[Data under study]
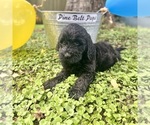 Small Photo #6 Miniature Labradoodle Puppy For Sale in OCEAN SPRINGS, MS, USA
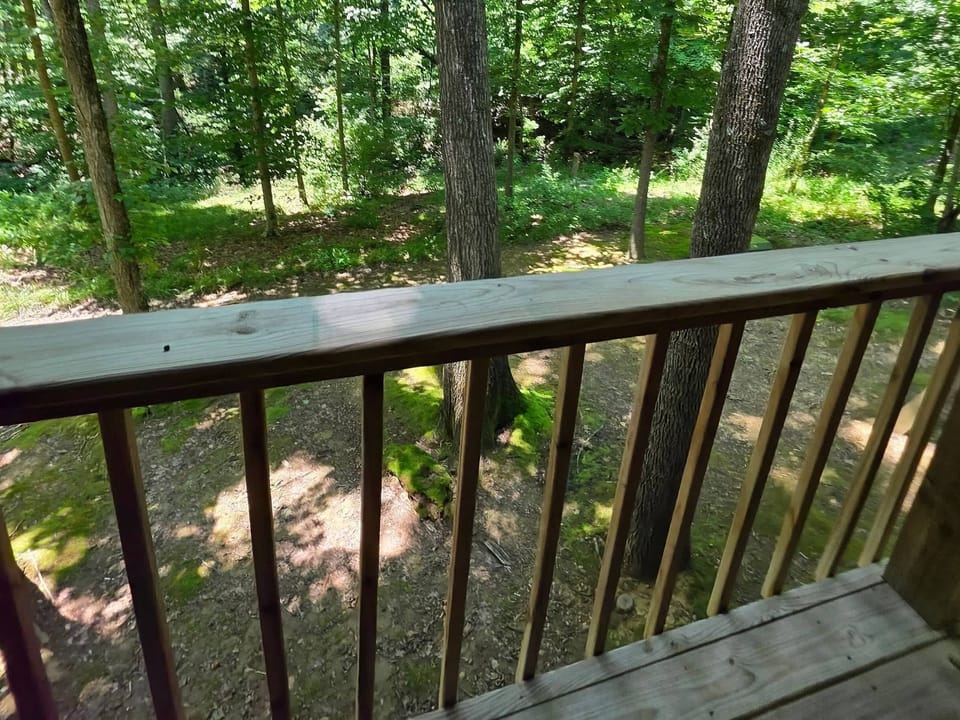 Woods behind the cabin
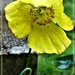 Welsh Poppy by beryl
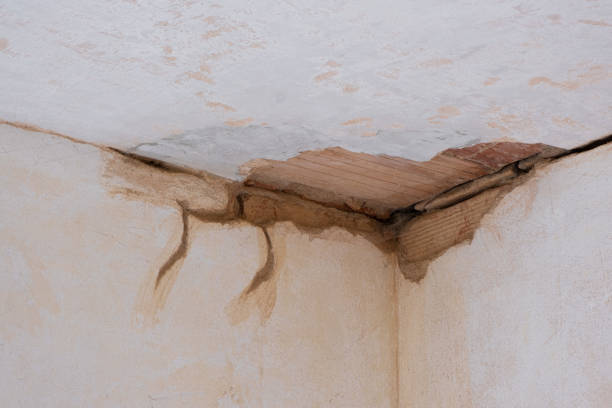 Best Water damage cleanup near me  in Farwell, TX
[/Data under study]
[Data under study]
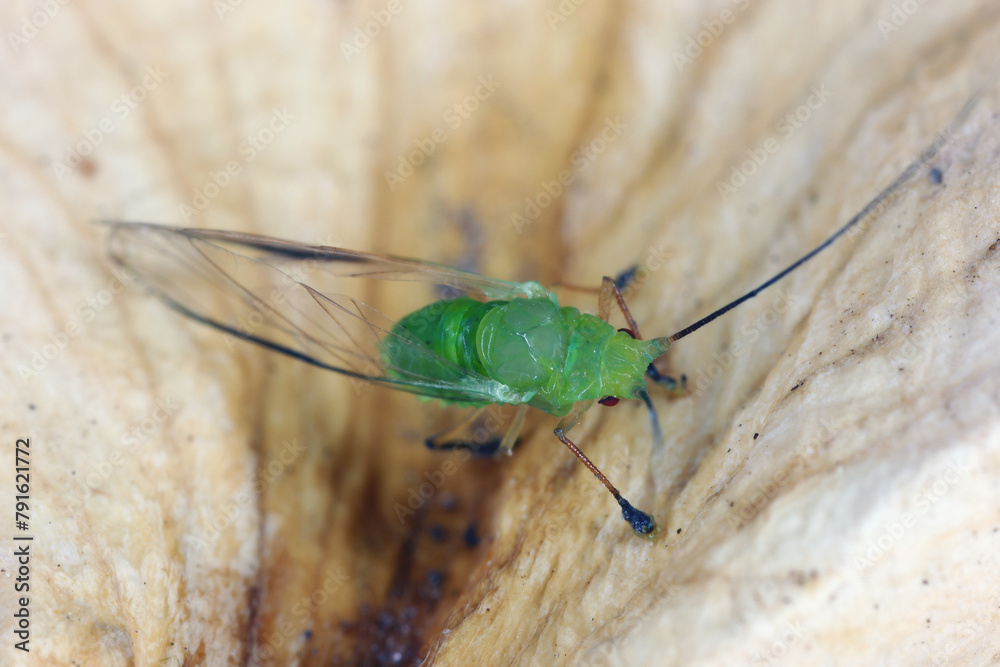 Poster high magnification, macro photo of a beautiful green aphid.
[/Data under study]
[Data under study]
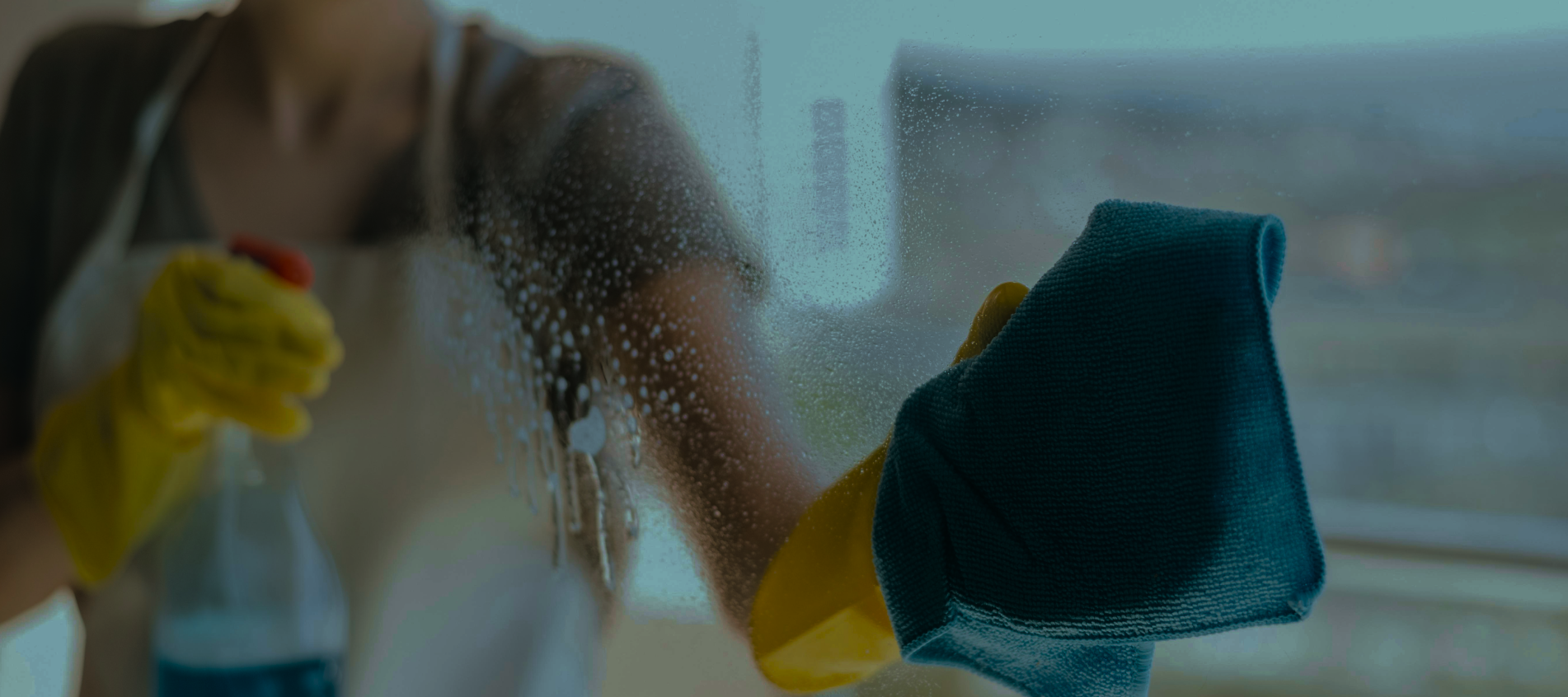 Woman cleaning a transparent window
[/Data under study]
■ Your instructions: Beginning with the line holding "Small Photo #6" in the material above, restate word for word each line through the line holding "Best Water damage", and exclude pictures.

■ Result of this exercise:
 Small Photo #6 Miniature Labradoodle Puppy For Sale in OCEAN SPRINGS, MS, USA
 Woods behind the cabin
 Welsh Poppy by beryl
 Best Water damage cleanup near me  in Farwell, TX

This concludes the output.